第1号新聞を手に取って読んでいただきありがとうございます。 この文章を目にしている貴方は、胡散臭いと思いながらも配られた新聞を手に取り、第一面を眺め、そして、ページを開いて、まさにこの活字が室内の蛍光灯の光を反射して、いや、正確には背景の紙が反射している光子を背景に浮かび上がっている文字パターンを網膜に受け、視覚信号として脳内のシナプス結合を原子や電子が通過する過程で増幅され、言語を理解する脳の部位で言葉として翻訳され、記憶された知識と結びついて、貴方の意識に認識されたわけで、まさにこの時空連続体のなかで我々が知る最も精巧な創造物である人間の脳の驚異の仕組みと言えましょう。
私は必然と考えますが、何十億年にも渡る生命の進化により地球上に人間が誕生し、自分たちの活動の一部をコンピュータと呼ばれる機械に代行させるためにソフトウェアを作り、やがてSPIと呼ばれるソフトウェアの開発プロセスの改善活動を実践し、どこに行き着くのかは分かりませんが、こうして人類史の一角を構成しているわけです。 極東の島国の日本で昭和と呼んでいた時代に、戦争を経てアメリカなどで最初は軍事用として開発され、民間産業用にも使われるようになったコンピュータは、半導体技術の急速な進歩に支えられて、最初は、汎用の大型計算機として、米国IBM社や、日本の富士通、日立などで、昭和末期に最初のピークを迎えます。私事ですが、このコラムの筆者も正にこの時期に日立の汎用コンピュータ用論理LSIの開発に加わり、正月の最初の出勤日には、日立のコンピュータ工場の寒いグラウンドに整列して、出荷される汎用コンピュータを積載したトラックの列が工場から出発する姿を見送ったものです。

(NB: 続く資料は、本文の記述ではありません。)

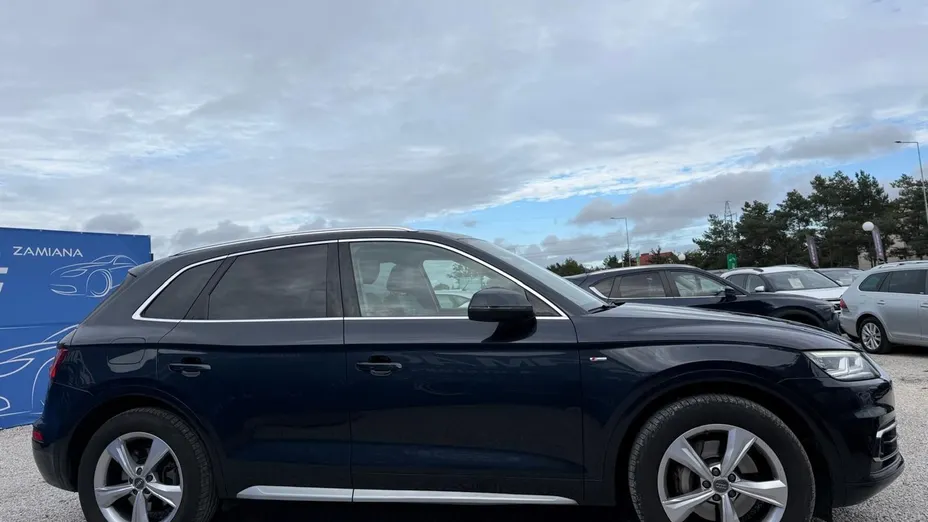 AUDI Q5 -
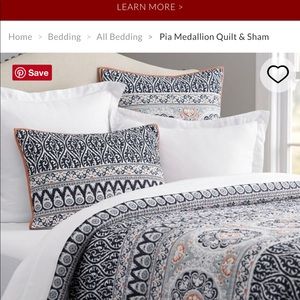 Pia Medallion Quilt from Pottery Barn (with shams)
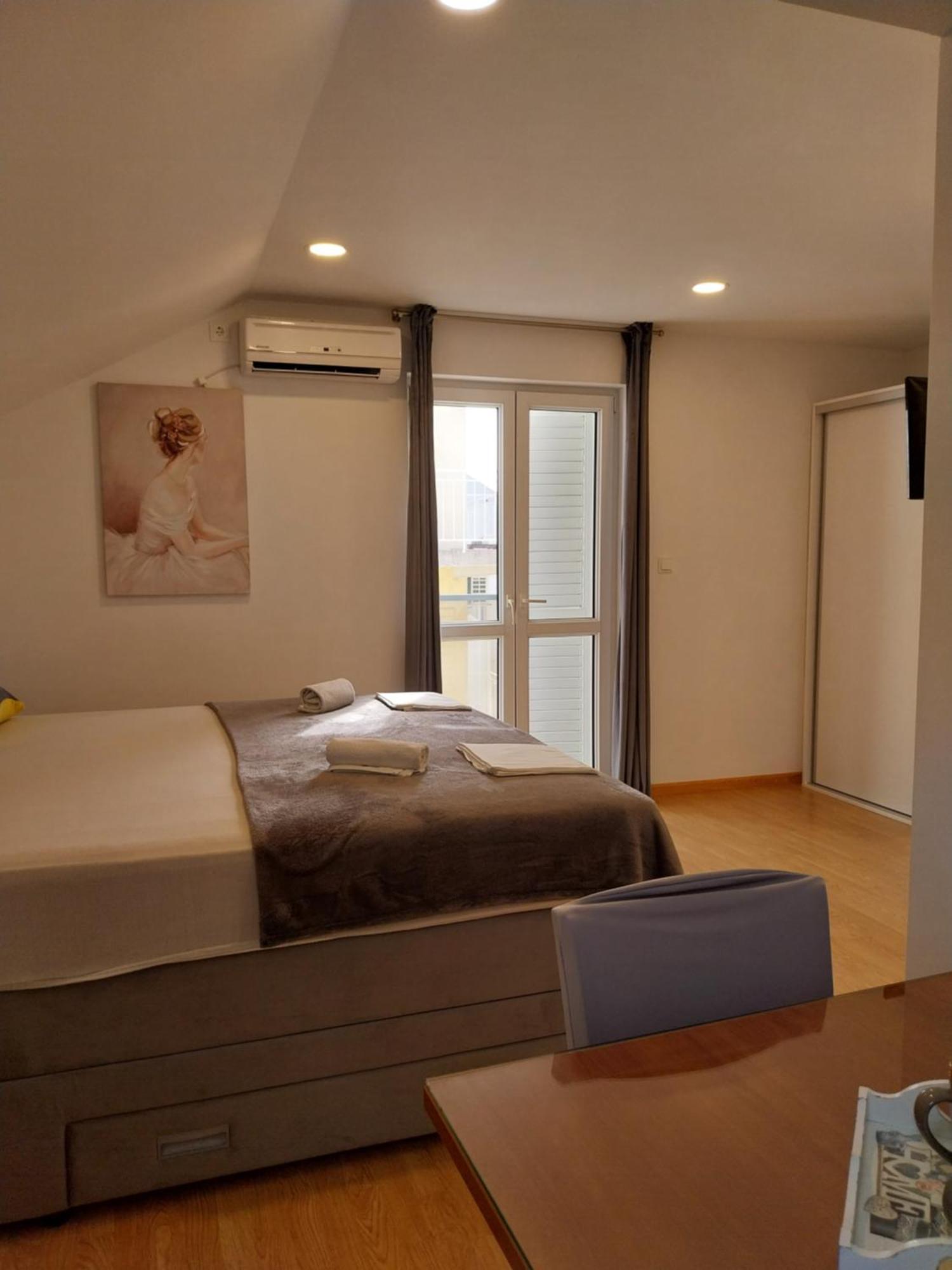 Apartments Rose Loboja Makarska Exterior photo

その後、平成を迎えるとコンピュータはダウンサイジングされ、汎用大型計算機から、ワークステーション、パソコンへと小型化と高性能化が進み、スマホが生まれます。同時に、自動車や家電品をはじめとするあらゆる機器にLSIチップが搭載され、組み込みソフトウェアの開発量が飛躍的に増大しました。また、インターネットも平成を通じて急速に普及し、平成末期にはあらゆる機器やセンサーがネットワークに繋がるIoTの時代を迎えました。
このような背景の中、ソフトウェアの開発ライフサイクルも、ウォーターフォールだけでなく、インクリメンタル、スパイラル、アジャイルなど、多様化を迎えています。また、米国国防総省のソフトウェア品質向上の要請にカーネギーメロン大学が応える形で開発された、能力度・成熟度に着目したモデルに基づく開発プロセスの改善手法であるCMMも、この時期に、SW―CMMとして始まり、CMMIへと進化を遂げました。我々、日本SPIコンソーシアムも、正にこのような時代背景のもと、CMMIの日本への導入促進などを契機として、企業や組織の壁を越えて、ソフトウェア技術者が協力して、開発プロセスの改善に取り組む目的で、2000年に設立されました。
設立こそ平成ですが、参加メンバーは当然昭和に生まれ育ち、中にはソフトウェア開発者として汎用コンピュータ向けソフトウェアをウォーターフォールで開発して来た技術者が多く含まれていたと思います。その意味では、当時はCMMIを比較的導入し易かったと言えるかもしれません。とにかく、ハードウェア開発に習い、ソフトウェアも工業製品として工程をきっちりと区切って、品質に着目しながら開発していた、そういう時代だったと思います。雑談で始まったこのコラムですが、次回は、平成の日本SPIコンソーシアムの活動を振り返ってみたいと思います。